We’ve all been there, most of us multiple times … some too many times to care to remember. We fell in love and for a period of time, shorter or longer, we were the center of attention of this person. We basked in their apparent love and sometimes adoration. We wondered how lucky we had been to finally find “the one.” We walked on air with a perpetual smile on our face. And then … s/he zigged and you zagged. Small things began to trouble and bother you. S/he no longer smiled or told you s/he loved you as often, or at all. S/he went out with friends more often. S/he was more prone to criticize than to compliment. In other words … you drifted apart. The love that was had sailed into troubled waters replete with rocks sharp enough to impale your heart. And then the day came when s/he told you that the relationship was “over.” When s/he told you that you weren’t “enough”; you weren’t “the one”; s/he would be “happier without you.” When the words spoken cut into you like a millions shards of glass splintered by the beats of your heart.
At that time, it is wise to remember that we live in a world of polarity: South and North; Up and Down; Left and Right; Darkness and Light; and that for every action there is an inverse and direct opposite reaction. So, why is the end of relationship necessarily a “bad” thing? Could we not see it as the beginning of a new one, however long it takes to find it?
From a spiritual perspective, because this is a world of polarity, every relationship that has soured and ended has set forth a request for the exact opposite. So, while thinking of your ex, you may want to think about the following view, mantra, prayer (whatever you wish to call it), to help you find a more vibrant, loving and healthy relationship:
We came together to travel the same path and write the same story. But we came to a fork and our story ended. Perhaps there was some pretending going on in our relationship. At a minimum, there was some, if not a lot, of mis-communication going on. But the good news is that out of that came my keen awareness that I needed to know myself better. That I needed to take the time to love myself and rediscover the wonderful person that I am. I’m so excited about getting to know myself. To get in touch with my soul. And in time, travel this new road with a partner who knows that s/he is responsible for his/her own happiness. Someone who is in love with life. Someone who knows life is a road for us to learn that we are loved because we are; that we are here to be and live in love.

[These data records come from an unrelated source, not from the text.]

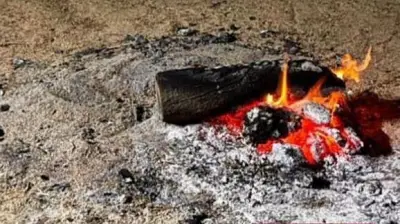 القوات الخاصة للأمن البيئي تضبط مواطنًا مخالفًا لنظام البيئة في عسير لاشعال النار في غير الأماكن المخصصة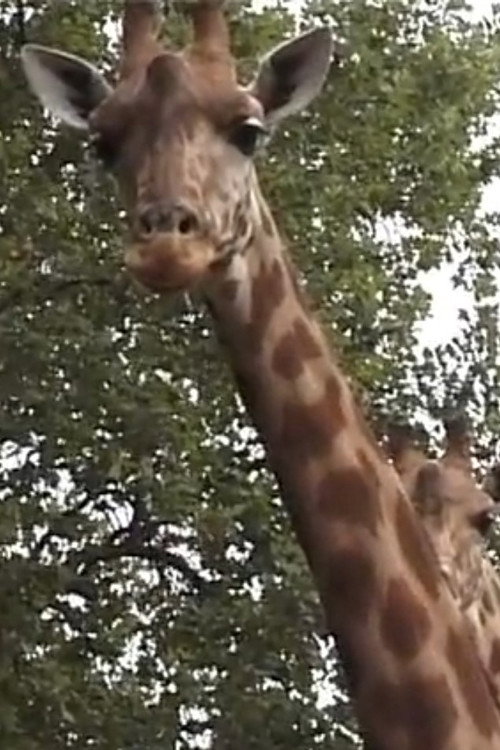 Girafe (1999) poster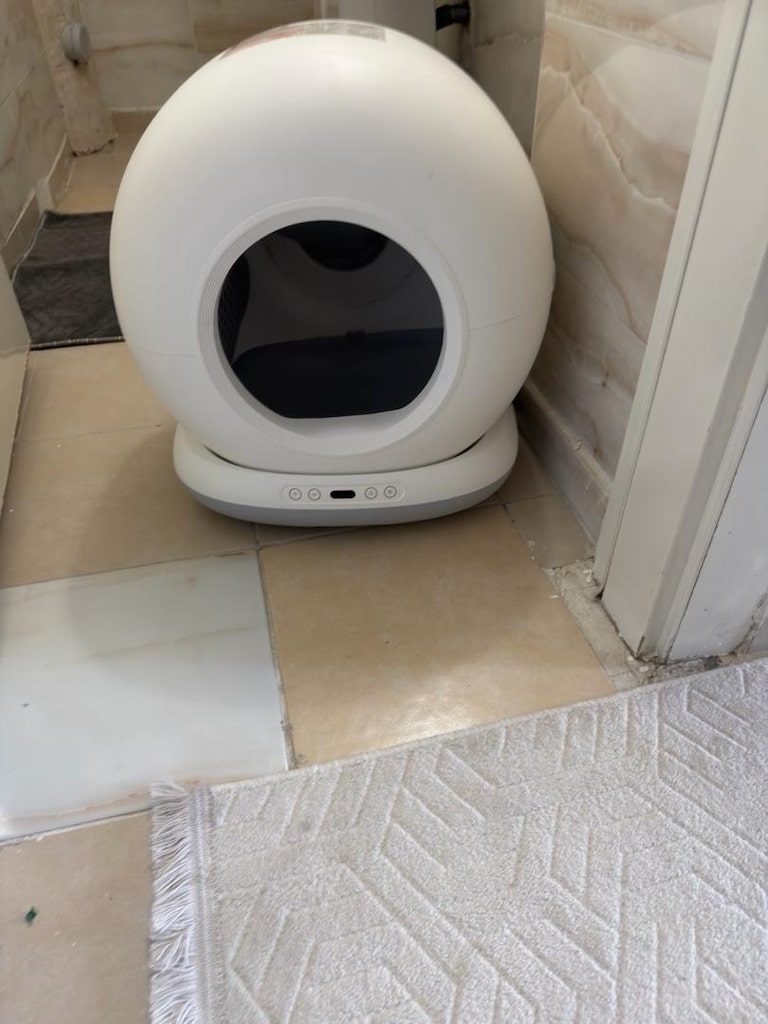 Kedi Tuvaleti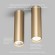 Точечный светильник Tube DK2052-SG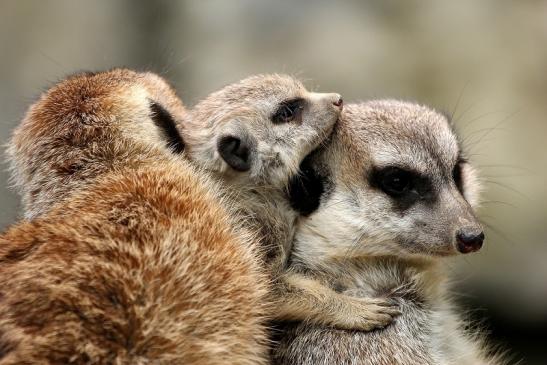 Erdmännchen Opel Zoo Kronberg 2014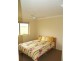 149 Towridgee Lane, Candelo NSW 2550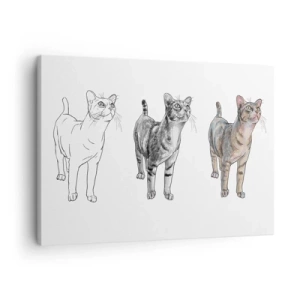 Lærredstryk - Billede på lærred - Udviklingen af en kattetegning fra skitse til farvet form - 70x50cm - Tegneundervisning - Moderne vægdekoration til stue og soveværelse ARTTOR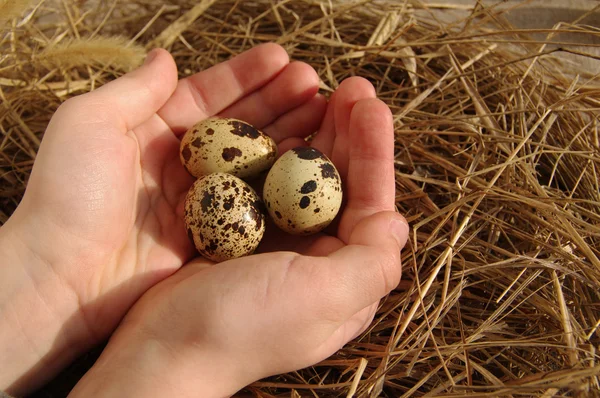 Uova di quaglia nelle mani del bambino contro un'erba secca — Foto Stock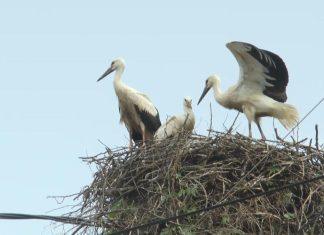 Srpski grad glavno sedište za rode: Ovde žive najveće urbane kolonije u ovom delu Evrope srpski-grad-glavno-sediste-za-rode:-ovde-zive-najvece-urbane-kolonije-u-ovom-delu-evrope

Thank you for our excursion and for the benefit it has given me. Thank you for mirroring my fears and providing me with the opportunity to raise my vibration. I now realize that we attracted each other into our lives to give us the opportunity to grow. I send you love and light to illuminate your chosen path while I travel my own.
Of course, good as this point of view is, the large part of the work remains to learn who you are and to love the person you are just as you are. And to remember that you are loved simply because you are.